Но даже в этом случае текст обращается к нам, ко мне. Чтобы понять смысл текста, я должен относиться к тексту серьезно. Как интерпретатор, я должен пытаться понять вопросы, на которые отвечает текст. Текст написан в границах его собственного смыслового горизонта, я же имею свой горизонт. Текст написан на основе его собственных «предрассудков», с позиций которых он говорит. У меня есть собственные «предрассудки», с позиций которых я говорю и интерпретирую. Степень, в которой мне удается понять «чужой» текст, таким образом, зависит от того, насколько могут приблизиться друг к другу и слиться два смысловых горизонта.
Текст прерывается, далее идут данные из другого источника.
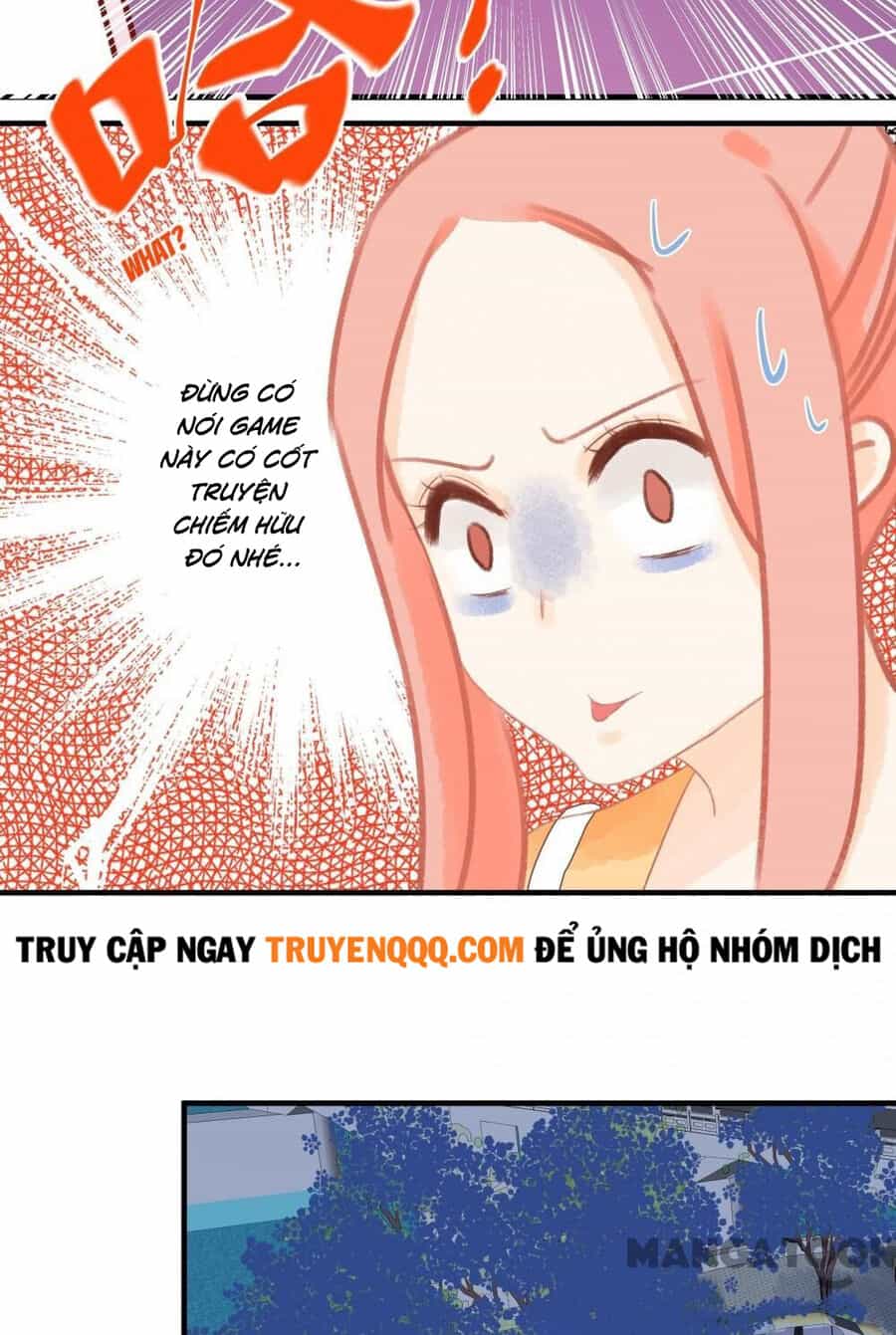 Chu Mi Nga! Bạn Trai Trong Game Thành Tinh Rồi - Chương 16 - ảnh 16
Это — то, что Гадамер называет «слиянием горизонтов». Но их слияние не означает, что они просто стали одним и тем же горизонтом. «Один» горизонт отличается от «другого». Но произошло преобразование моего смыслового горизонта. В этом ракурсе я подвергся глубокому переформированию, «глубокому» — потому, что не просто овладел новым знанием из уже имевшегося источника, а трансформировал мою собственную «систему отсчета». Это переформирование является процессом обучения в том смысле, что с его помощью я расширил мой горизонт и стал понимать больше и иначе, чем понимал раньше. Согласно Гада-меру, сказанное одновременно указывает на близкую связь герменевтики и образования.